28 July ~ Respected New York Times journalist George Vecsey previewed last night's Major League All-Star game against Manchester United in New Jersey as an "increasingly meaningful liaison". He was far from alone in the US media this week in trying to talk up as a significant challenge a game that's just one more stop on United's brand-enhancing, cash-generating tour. But any question of the game being an encounter from which we could glean anything other than shallow conclusions about MLS or Manchester United (apart from confirming that Ashley Young will not bring them any closer to Barcelona this season) was moot by half-time, with United almost walking their way to a 2-0 lead with goals from Anderson and Park Ji-Sung.

Dimitar Berbatov added a third shortly after the interval in that casual fashion suggesting he'd rather be ordering a portion of fish and chips, and the usual flood of second-half substitutions rendered the contest as a competitive clash of 11 versus 11 absolutely void of all tension and interest. Danny Welbeck rounded off the scoring with a long-range shot. Any meaning spotted by Vecsey in this liaison must have evaporated in the smoke of the pre-match fireworks, whose sparks and explosions inspired most of the night's biggest cheers, alongside two parachutists landing on the field and a linesman getting knocked over by the ball. It was one of those crowds where you felt they'd cheer either side scoring. Which is all very nice, but somewhat parallel to the whole point of having two sides at all.
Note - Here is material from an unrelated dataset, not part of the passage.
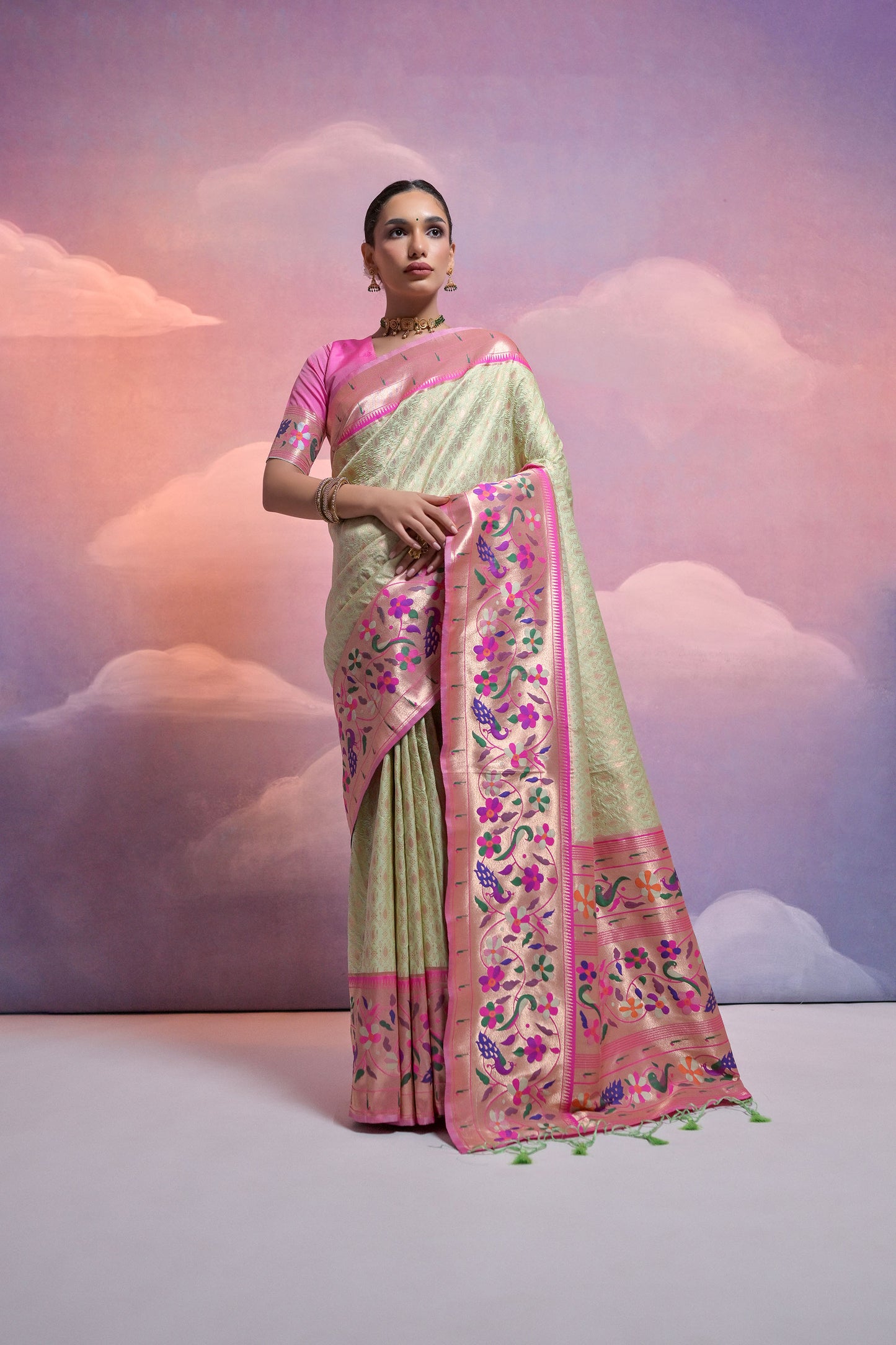 Pista Paithani Silk Meenakari Zari Woven Saree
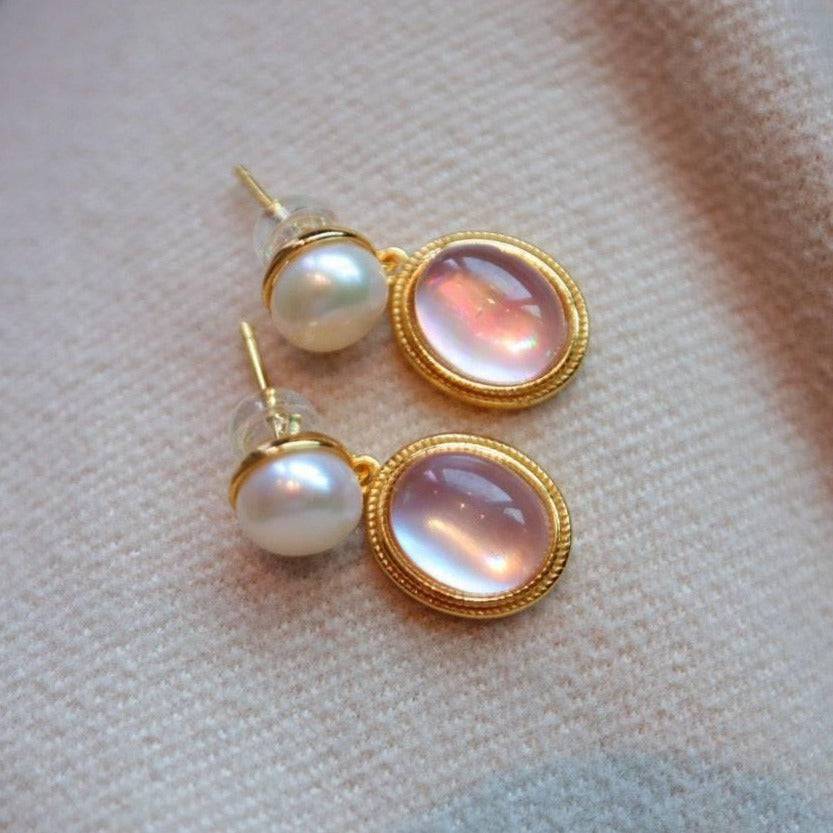 Natural Pink Crystal and Mother of Pearls Earrings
Indeed journalists struggled all week to scratch at the concept of this game's meaning. After all, they had to write about something, because a picture of Thierry Henry and Michael Owen holding a football scarf at the top of the Empire State Building will only take the story as far as a two-line caption. Henry was asked if he thought the All-Star team would be out to avenge last year's 5-2 defeat against United in Houston. His response was the equivalent of a Gallic shrug that forecast the game's final score all too well (Henry left the game at half-time). The younger MLS players tried to stress the thrill of being selected as an All-Star, and what a big deal it was to play against the likes of Wayne Rooney. But the sub-text of that was merely: "I go to bed dreaming that I score three miraculous goals and Sir Alex takes me back on the plane to England."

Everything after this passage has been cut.